Trigonometric identities are essential tools in simplifying expressions and proving equations. One particularly useful set are the Sum-to-Product Identities. These formulae help in rewriting sums of sine and cosine functions into products, which are often simpler to handle.
Specifically, the Sum-to-Product Identity for sine is given by:

• \[ \sin a + \sin b = 2 \sin\left(\frac{a+b}{2}\right) \cos\left(\frac{a-b}{2}\right) \]

This identity allows us to transform two individual sine terms into a single sine function multiplied by a cosine function. This transformation is particularly useful when dealing with trigonometric expressions in fraction form, allowing easy simplification.
Similarly, the identity for cosine is:

• \[ \cos a + \cos b = 2 \cos\left(\frac{a+b}{2}\right) \cos\left(\frac{a-b}{2}\right) \]

Analogous to sine, this converts the sum of cosines into a product of cosines, which simplifies complex expressions and facilitates cancellation of terms, as demonstrated in the original exercise. Recognizing and applying these identities effectively is key in simplifying trigonometric expressions and proving identities.

Simplifying trigonometric expressions is a fundamental skill in solving complex trigonometric identities and equations. The primary goal in simplification is to reduce the expression to its simplest form by combining like terms, cancelling terms, or applying identities.
In the given exercise, the expression \(\frac{\sin x + \sin 5x}{\cos x + \cos 5x}\) is simplified using Sum-to-Product Identities for both the numerator and denominator.
Here's how simplification occurs:

• The sum-to-product identity is applied to change the sums of sine and cosine into products:
• For the numerator: \[ \sin x + \sin 5x = 2 \sin(3x) \cos(2x) \]
• For the denominator: \[ \cos x + \cos 5x = 2 \cos(3x) \cos(2x) \]
• This transformation simplifies the fractional expression, allowing the product terms \(2\) and \(\cos(2x)\) to be cancelled easily.

After cancellation, the expression reduces to \(\frac{\sin(3x)}{\cos(3x)}\), which is a simpler form. This process underscores how strategic use of identities and cancellation can lead to concise and manageable trigonometric solutions.

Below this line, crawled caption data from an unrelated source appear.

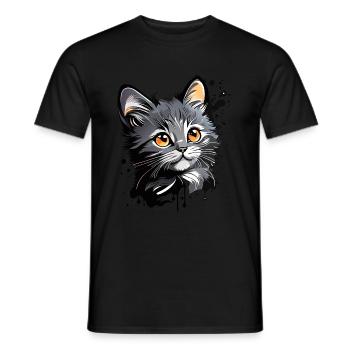 niedliches Kätzchen, Katze - Männer T-Shirt - Schwarz - Vorne - AI Model Male 178 light (178cm)
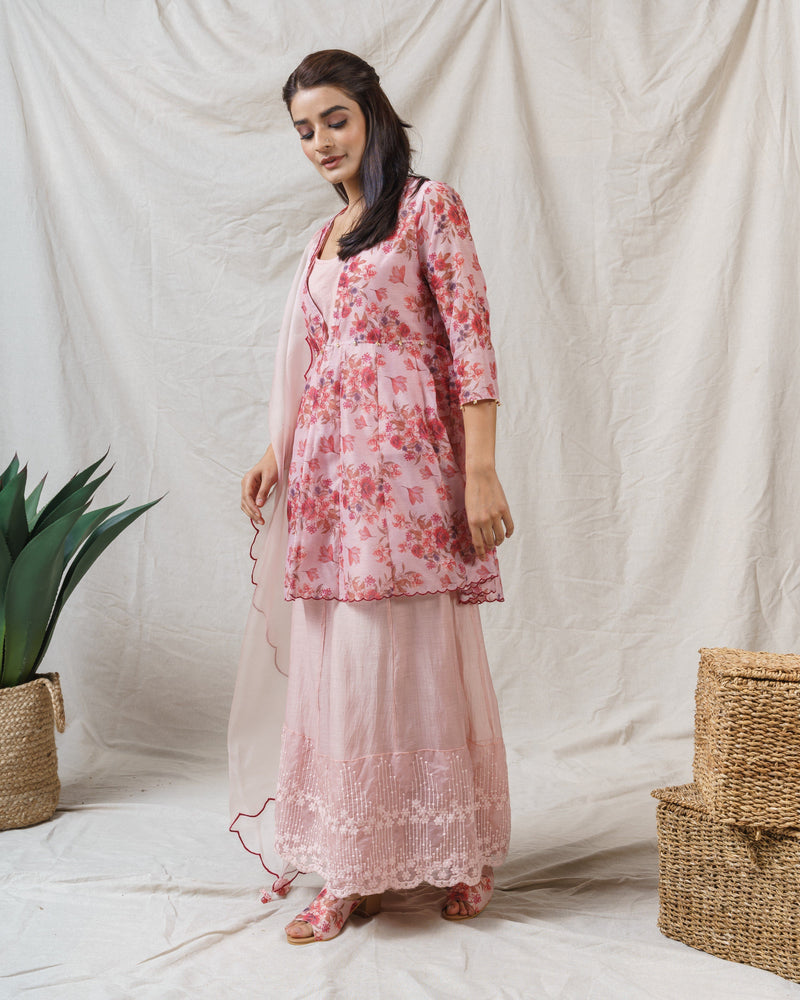 Peony Pink Printed ensemble-set of 2 ( without dupatta ) - Naaz By Noor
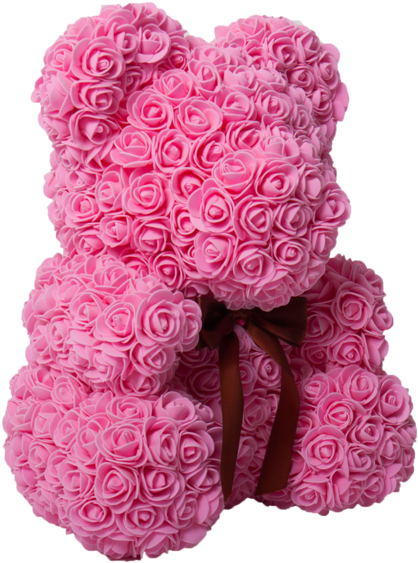 Pink Classic Rose Bear 40cm Tall - Pink Rose Bear (720x720), Png Download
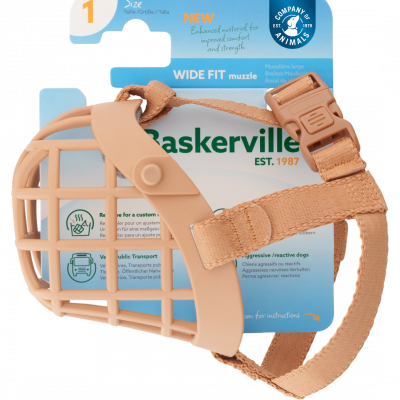 Baskerville Wide Fit Dog Muzzle on display card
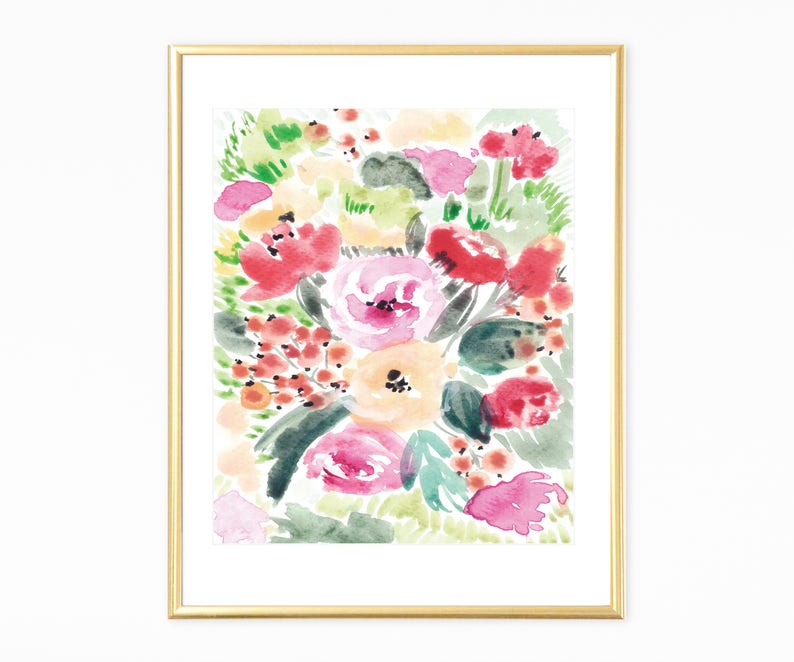 floral watercolor,set of 4 prints,floral wall art set,wall art set of 4, modern wall prints, digital flowers watercolor, floral art prints image 2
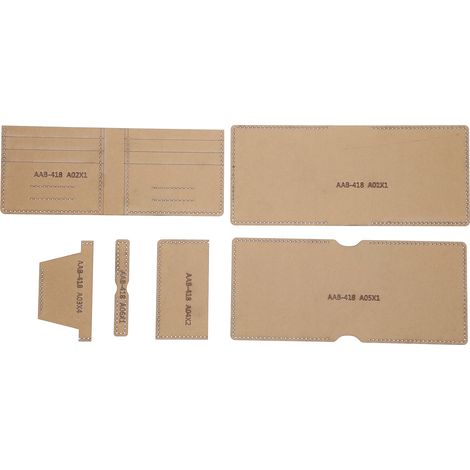 6Pcs Wallet Pattern Template Drawings Set Stencil Making Craft DIY Hand‑Made Tool (1/5)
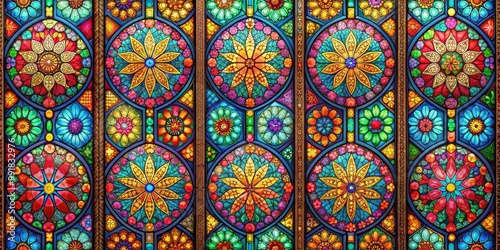 Stained Glass Window with Floral Motifs and Jewel Tones, stained glass, mosaic, floral art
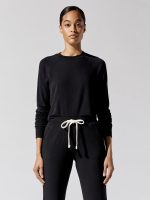 Warm Up Crop Fleece Sweatshirt - Black
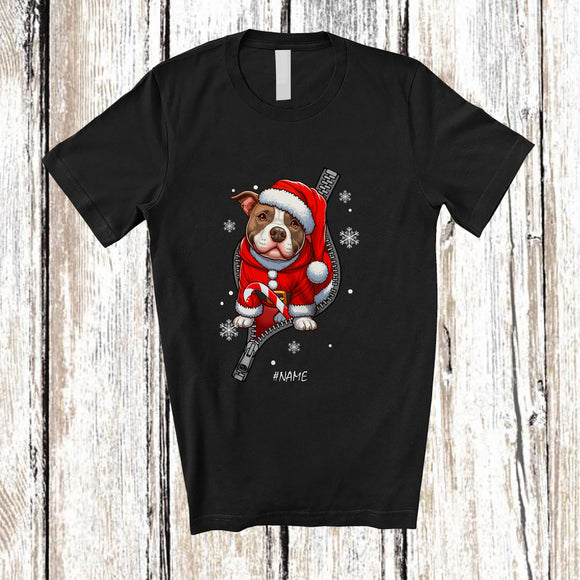 MacnyStore - Personalized Custom Name Pit Bull Santa Going Out Zipper; Lovely Christmas Pajama Family T-Shirt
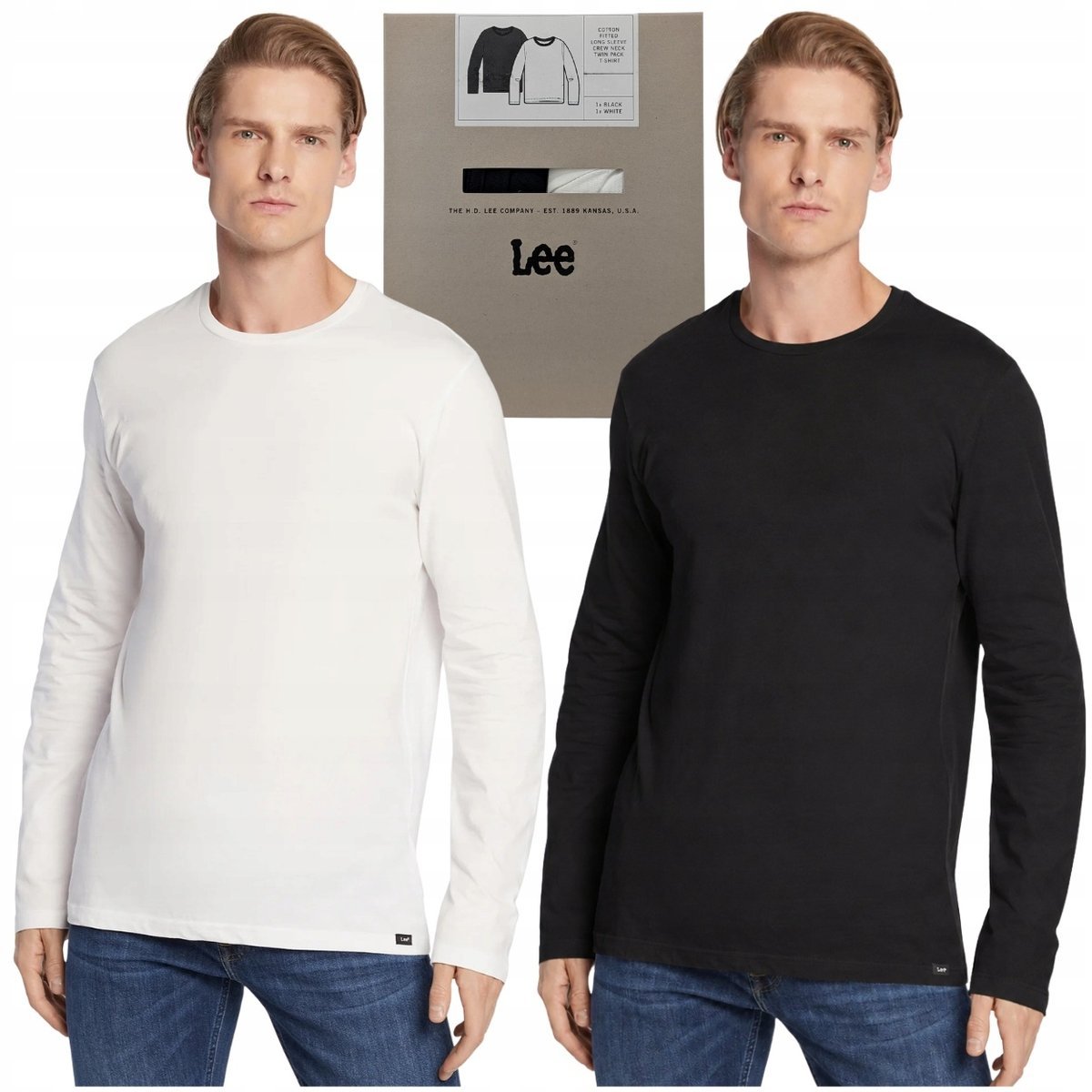 Lee Twin Pack Crew LS dwupak longsleeve dopasowana bawełniana koszulka L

Proving trigonometric identities involves demonstrating that two different-looking trigonometric expressions are actually equivalent. This process requires strategic manipulation and application of known identities.
In our exercise, the goal is to prove that \(\frac{\sin x + \sin 5x}{\cos x + \cos 5x} = \tan 3x\).
Here's a step-by-step approach to proving this:

• Identify applicable identities or transformations. In this scenario, we use Sum-to-Product Identities to transform the numerator and denominator into simpler expressions.
• Simplify the fraction using these identities to arrive at an expression that can be easily manipulated or reduced.
• In this exercise, simplifying \(\frac{\sin x + \sin 5x}{\cos x + \cos 5x}\) enables cancellation of common terms, resulting in \(\frac{\sin(3x)}{\cos(3x)}\).
• Recognize the resulting form as the tangent function: \(\tan(3x) = \frac{\sin(3x)}{\cos(3x)}\).

Thus, the original expression is proven to be equal to \(\tan 3x\). Approaching proofs in a systematic way, by breaking down complex parts and applying relevant identities, are key strategies in mastering trigonometric proofs.